98. Komisi dalam melaksanakan tugas berwenang untuk :
a. Memutuskan atau menetapkan sanksi moral
b. Menjatuhkan sanksi alternatif atau kumulatif
c. Memberikan rekomendasi
d. a, b dan c benar

99. Anggota Polri yang diberhentikan tidak dengan hormat dari dinas Polri apabila :
a. Meninggalkan tugasnya secara tidak sah dalam waktu lebih dari 30 (tiga puluh) hari kerja secara berturut-turut
b. Melakukan perbuatan dan berperilaku yang dapat merugikan dinas Kepolisian
c.

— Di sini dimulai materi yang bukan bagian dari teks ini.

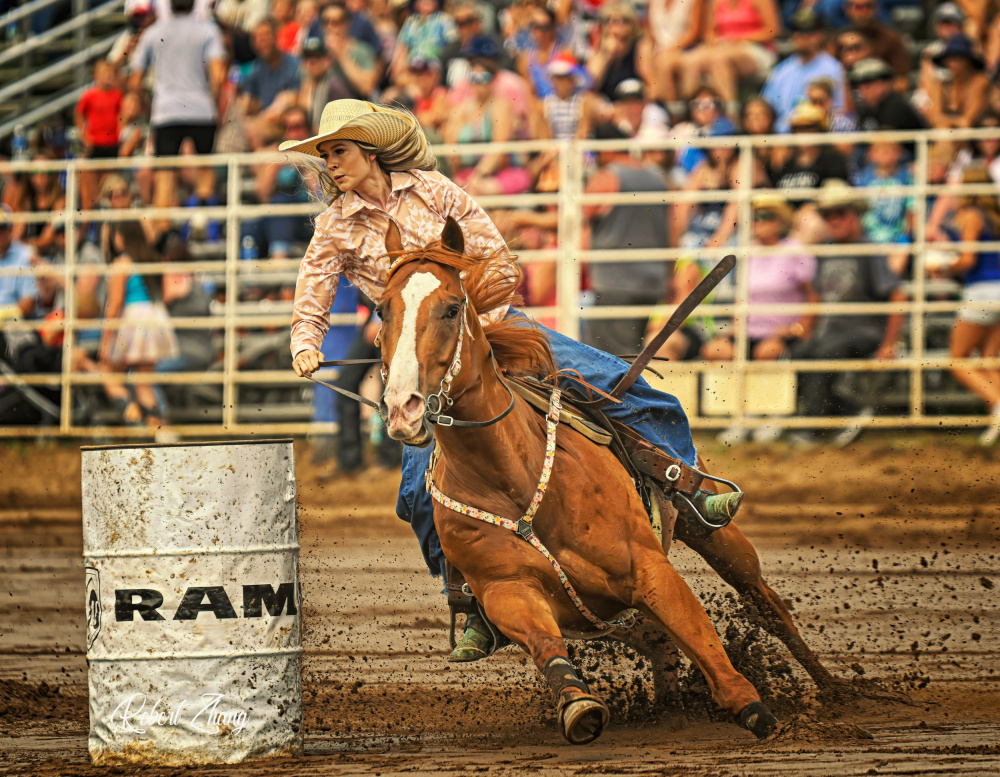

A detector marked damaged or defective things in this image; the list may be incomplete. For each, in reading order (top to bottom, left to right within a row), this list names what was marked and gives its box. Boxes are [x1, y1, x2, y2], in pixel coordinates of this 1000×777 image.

Menjadi anggota dan atau pengurus partai politik
d. a, b dan c benar

100 Bentuk denah ruang sidang sebagaimana dimaksud pada ayat (4) adalah :
a. Disesuaikan dengan kondisi ruangan dalam bentuk sejajar.
b. Disesuikan diruang Aula yang dalam bentuk ”segaris” atau ”U”.
c. Diruang terbuka dalam bentuk ”segaris” atau ”U”.
d. Disesuaikan dengan kondisi ruangan dalam bentuk ”segaris” atau ”U”.